● Instructions to follow
For this exercise, restate every line below word for word and drop the images.
········
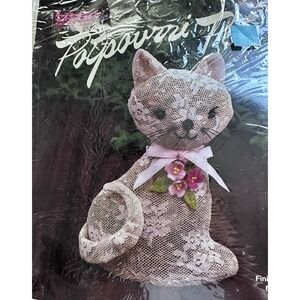 Vtg 1985 Titan Needlecraft Potpourri Pets Kitty Cat Kit Lace #1347 Sealed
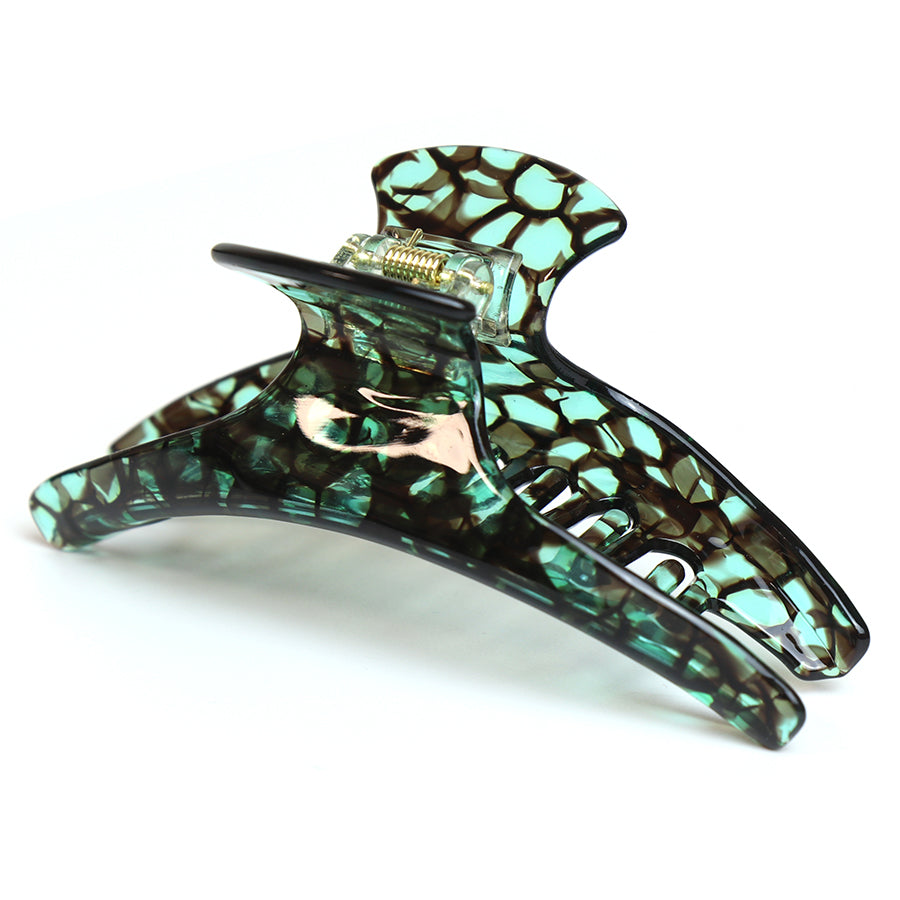 POM Teal Green Transparent Crazed Pattern Claw Clip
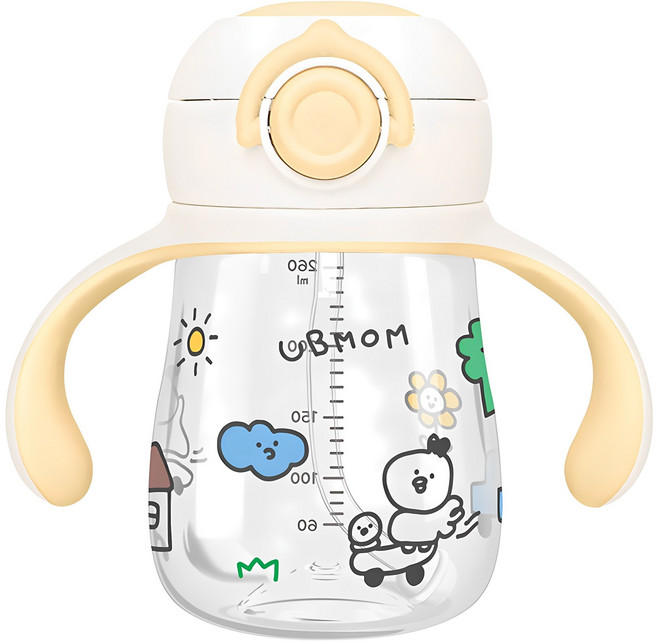 유비맘 트라이탄 데일리 원터치 빨대컵, 260ml, 1개, 옐로우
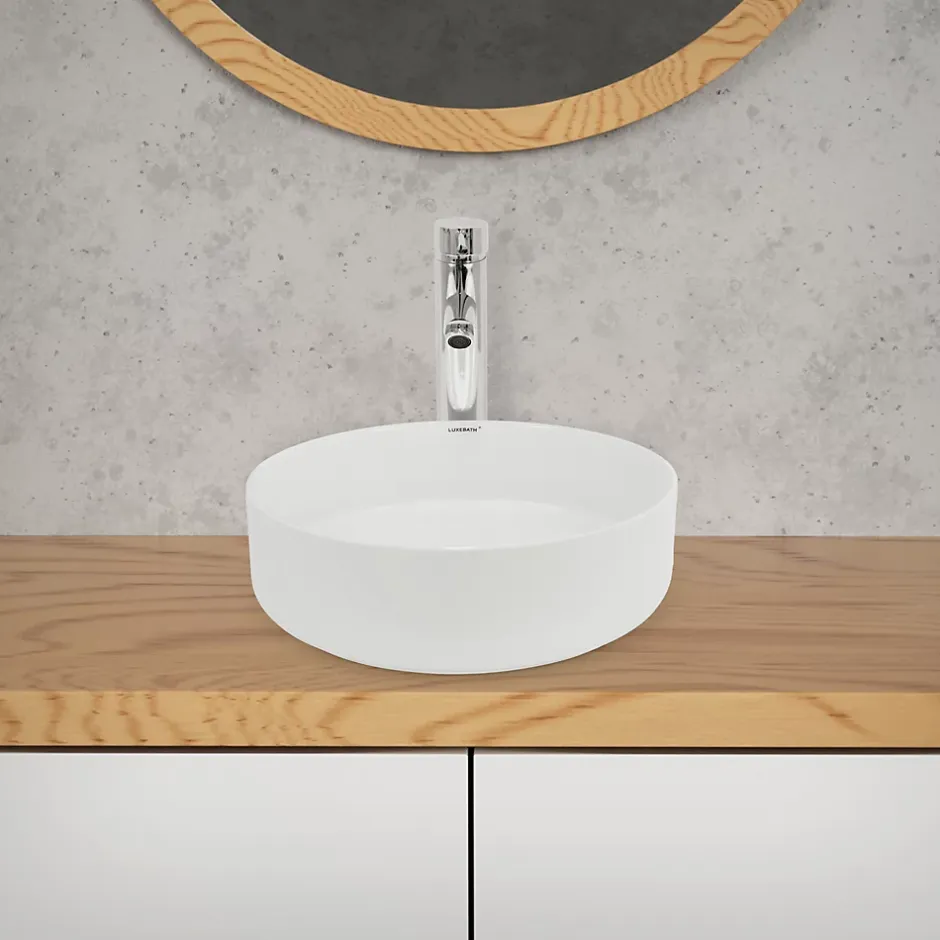 ECD Germany Évier céramique vasque a poser ronde moderne lave-mains salle de bain 355 mm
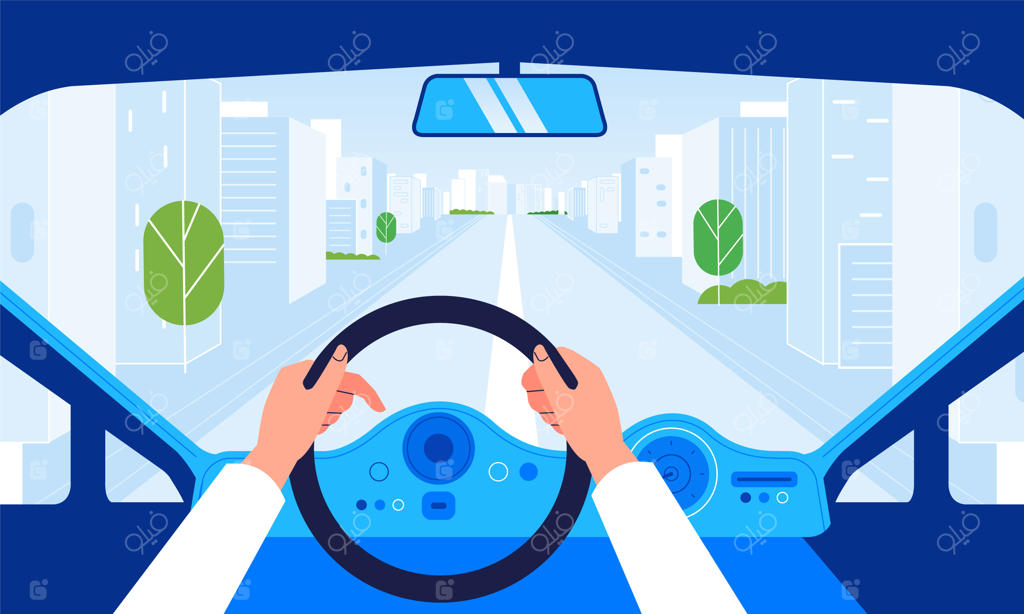 نمای داخلی از دستان راننده و داشبورد هنگام رانندگی در جاده شهری مدرن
········
● Result for this task
 Vtg 1985 Titan Needlecraft Potpourri Pets Kitty Cat Kit Lace #1347 Sealed
 POM Teal Green Transparent Crazed Pattern Claw Clip
 유비맘 트라이탄 데일리 원터치 빨대컵, 260ml, 1개, 옐로우
 ECD Germany Évier céramique vasque a poser ronde moderne lave-mains salle de bain 355 mm
 نمای داخلی از دستان راننده و داشبورد هنگام رانندگی در جاده شهری مدرن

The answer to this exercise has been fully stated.